Amando profondamente la cultura asiatica – e in particolare quella giapponese – mi avvicino sempre con grande entusiasmo a opere che promettono di fondere folklore, spiritualità e suspense. È stato quindi con curiosità e aspettative piuttosto alte che ho iniziato la lettura de Il santuario della montagna silenziosa di Nanami Kamon, romanzo che si presenta come un horror intriso di suggestioni tradizionali nipponiche. Purtroppo, al termine della lettura, non posso che esprimere una certa delusione.
Una trama dal grande potenziale... inespresso.
La sinossi sembrava promettere un’esperienza inquietante: una scrittrice con poteri sensitivi si trova coinvolta in un’indagine su strani avvenimenti accaduti a un gruppo di amici dopo la visita a un luogo misterioso e potenzialmente infestato – una vecchia segheria immersa nella natura giapponese. Tuttavia, questo spunto iniziale, che sulla carta avrebbe potuto dar vita a una narrazione ricca di tensione e atmosfera, si sgonfia quasi subito.

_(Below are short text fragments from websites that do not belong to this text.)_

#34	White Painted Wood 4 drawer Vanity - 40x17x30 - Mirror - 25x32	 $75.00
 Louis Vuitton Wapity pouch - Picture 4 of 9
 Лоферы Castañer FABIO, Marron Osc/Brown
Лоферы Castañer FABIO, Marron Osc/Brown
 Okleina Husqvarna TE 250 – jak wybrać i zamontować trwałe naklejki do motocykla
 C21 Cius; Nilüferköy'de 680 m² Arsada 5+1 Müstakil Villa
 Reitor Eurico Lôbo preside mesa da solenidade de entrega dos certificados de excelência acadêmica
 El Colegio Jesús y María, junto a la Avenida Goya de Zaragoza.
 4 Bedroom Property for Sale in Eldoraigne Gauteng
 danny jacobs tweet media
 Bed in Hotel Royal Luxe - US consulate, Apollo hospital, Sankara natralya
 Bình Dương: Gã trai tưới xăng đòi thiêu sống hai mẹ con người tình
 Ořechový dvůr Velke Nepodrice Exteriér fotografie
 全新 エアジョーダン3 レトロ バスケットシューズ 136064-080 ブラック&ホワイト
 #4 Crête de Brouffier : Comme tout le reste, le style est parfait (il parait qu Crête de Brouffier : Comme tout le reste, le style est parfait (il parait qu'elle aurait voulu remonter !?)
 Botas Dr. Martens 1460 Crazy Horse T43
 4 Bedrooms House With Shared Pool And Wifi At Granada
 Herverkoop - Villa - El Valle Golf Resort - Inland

La protagonista, Minami, è una scrittrice di romanzi horror in pieno blocco creativo, dotata di una vaga sensibilità paranormale. È lei a raccogliere e riportare le testimonianze degli amici coinvolti negli eventi misteriosi, ma lo fa in modo distaccato, quasi documentaristico. I fatti vengono semplicemente riferiti, senza che ci siano descrizioni vivide o coinvolgenti, e soprattutto senza che Minami stessa sia mai realmente parte attiva degli eventi, se non in rarissime occasioni.
Un horror senza orrore.
Il problema principale di questo romanzo risiede proprio nella mancanza di tensione narrativa. In un’opera horror ci si aspetta di provare inquietudine, angoscia, quella sensazione di pericolo imminente che tiene incollati alla pagina. Qui, invece, tutto resta in superficie. Gli eventi sono riportati come se fossero dei resoconti, privi di pathos o di empatia emotiva. Le scene che avrebbero potuto risultare disturbanti o suggestive sono raccontate “per sentito dire”, senza un reale coinvolgimento del lettore.
Non si prova mai vera paura, non ci sono momenti di suspense costruiti ad arte, e persino i passaggi più misteriosi o paranormali risultano deboli, quasi sbiaditi, come se l’autrice avesse paura di spingersi oltre o di osare.
Una scrittura piatta e poco evocativa
A livello stilistico, Il santuario della montagna silenziosa pecca di una narrazione eccessivamente descrittiva ma non visiva: tutto viene spiegato, nulla viene mostrato. Le ambientazioni, che avrebbero potuto rappresentare un punto di forza – soprattutto in un contesto culturale così suggestivo come quello giapponese – restano vaghe, sfocate, mai veramente vissute. Anche i personaggi secondari appaiono poco approfonditi, strumenti funzionali alla trama ma privi di spessore psicologico.
Il ritmo narrativo è piatto, con pochissimi picchi emotivi. Persino il finale, che avrebbe potuto riscattare in parte la lettura, si rivela affrettato, confuso e poco incisivo. Rimane una sensazione di incompiutezza, come se la storia fosse rimasta sospesa, non per scelta narrativa, ma per mancanza di sviluppo.
Conclusioni: un’idea interessante, ma mal eseguita
Il santuario della montagna silenziosa è un romanzo che, pur partendo da premesse affascinanti, non riesce a mantenere le promesse. L’ambientazione giapponese e l’elemento soprannaturale sono sfruttati in modo superficiale, e la scrittura – priva di atmosfera e di tensione – non riesce mai a coinvolgere davvero. Per chi, come me, cerca nella narrativa horror un’immersione sensoriale e psicologica, questo libro rischia di risultare una lettura fiacca e dimenticabile.